We Texans take special pride in our state. Whether bragging about how much bigger everything is, the plentiful job opportunities or the superiority of Tex-Mex, Texans love to boast that the Lone Star State is the best.
As if we needed more proof, there are two new polls that confirm there is no pride like Texas pride.
Gallup asked more than 600 residents in each of the 50 states to rate whether or not their state was a good place to live. Residents ranked their state as the best, one of the best or the worst place to call home.
Texas edged out Montana and Alaska in number of residents who responded that, without a doubt, the Lone Star State is the single best place to live.
The states with the happiest residents are Montana and Alaska; 77 percent of respondents in both responded positively. Following those are Utah (70 percent) and Wyoming (69 percent).
Texas rounds out the top five, with 68 percent of residents claiming that the state is a good place to live. But overall happiness aside, it’s the way in which Texans responded that interested Gallup’s researchers.
Texas edged out Montana and Alaska in number of residents who responded that, without a doubt, the Lone Star State is the single best place to live in the country.

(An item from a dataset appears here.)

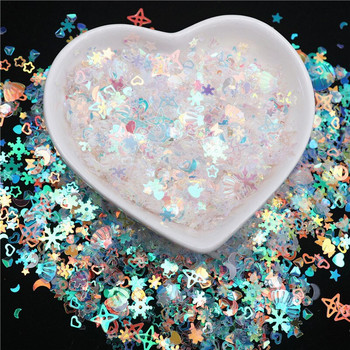 10g/50g Glitter Sequin Mix Star Heart Dot Butterfly Shape Πολύχρωμες πούλιες νυχιών για Shaker Nail Art Flakies Paillette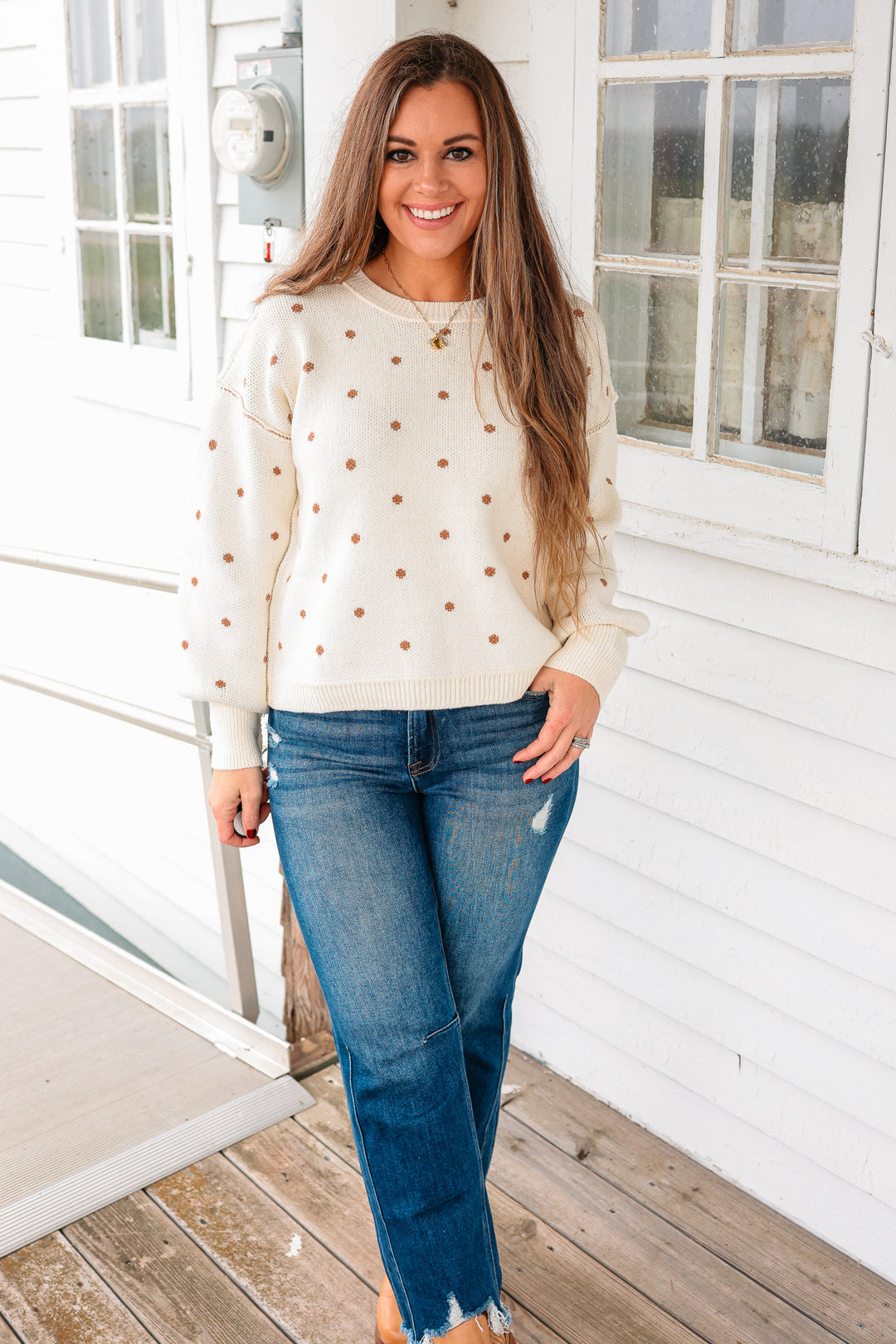 Delaney Polka Dot Sweater - Cream/Carmel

Gallup chalks up the boastful responses to Texas’ high standard of living, trust in state government and less negative feelings about state taxes. Gallup also compares Texas to high-ranking states like Alaska and Hawaii (which came in just behind Texas at No. 6), which “have distinct histories, geographies, natural resources and environmental features that may contribute to residents’ personal enjoyment and pride in their locale.”
Because we love the state so much, we are also staying put. This according to another Gallup poll, which posed this question to citizens of all 50 states: “If you had the opportunity, would you like to move to another state, or would you rather remain in your current state?”
While people would love to flee Illinois, Connecticut and Maryland, few Texans (24 percent) would choose to live elsewhere. That’s the sixth-lowest percentage in the nation.